━━ EXCERPTED DATA

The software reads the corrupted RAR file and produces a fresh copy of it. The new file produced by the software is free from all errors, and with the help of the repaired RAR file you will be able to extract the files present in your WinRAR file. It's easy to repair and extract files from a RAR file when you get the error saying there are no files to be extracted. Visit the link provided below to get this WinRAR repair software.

━━━━
━━ EXCERPTED DATA

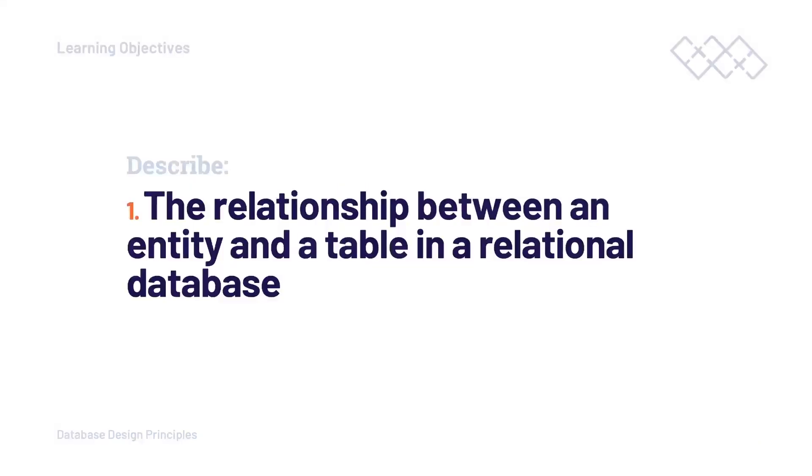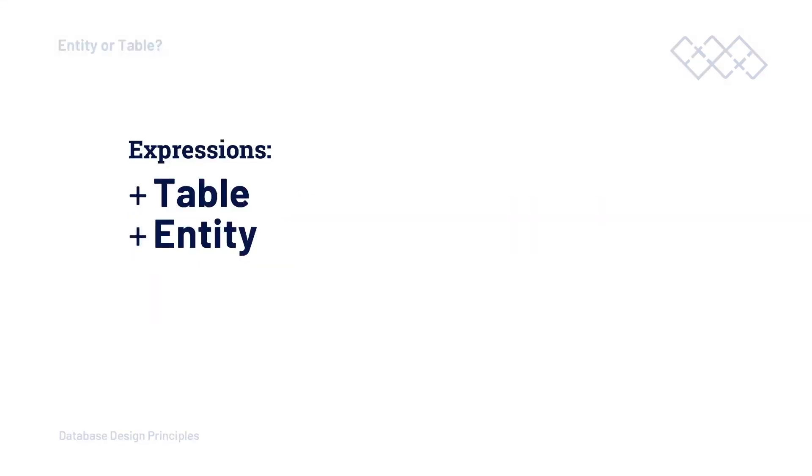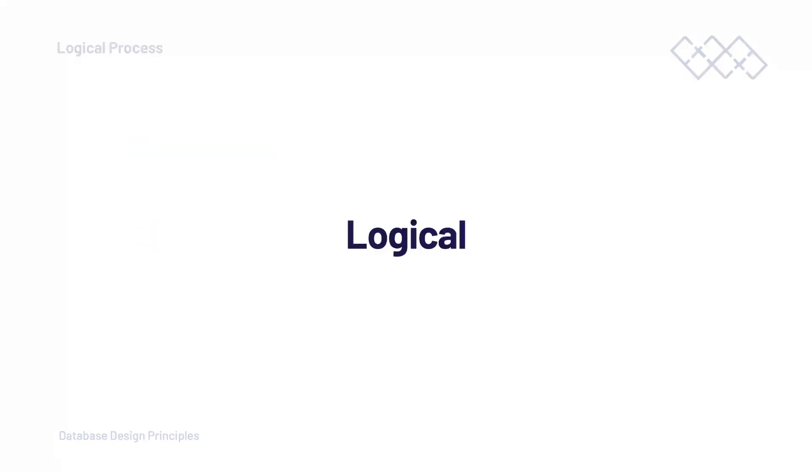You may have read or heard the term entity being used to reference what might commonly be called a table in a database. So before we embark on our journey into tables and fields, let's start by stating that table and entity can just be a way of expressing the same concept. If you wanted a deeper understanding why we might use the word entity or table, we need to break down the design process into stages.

━━━━
━━ EXCERPTED DATA

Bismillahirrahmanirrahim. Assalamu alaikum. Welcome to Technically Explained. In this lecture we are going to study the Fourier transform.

━━━━

## WHAT YOU SHOULD DO
Look over the material above and show each line where "this" appears.

## WORKED SOLUTION
The software reads the corrupted RAR file and produces a fresh copy of it. The new file produced by the software is free from all errors, and with the help of the repaired RAR file you will be able to extract the files present in your WinRAR file. It's easy to repair and extract files from a RAR file when you get the error saying there are no files to be extracted. Visit the link provided below to get this WinRAR repair software.
Bismillahirrahmanirrahim. Assalamu alaikum. Welcome to Technically Explained. In this lecture we are going to study the Fourier transform.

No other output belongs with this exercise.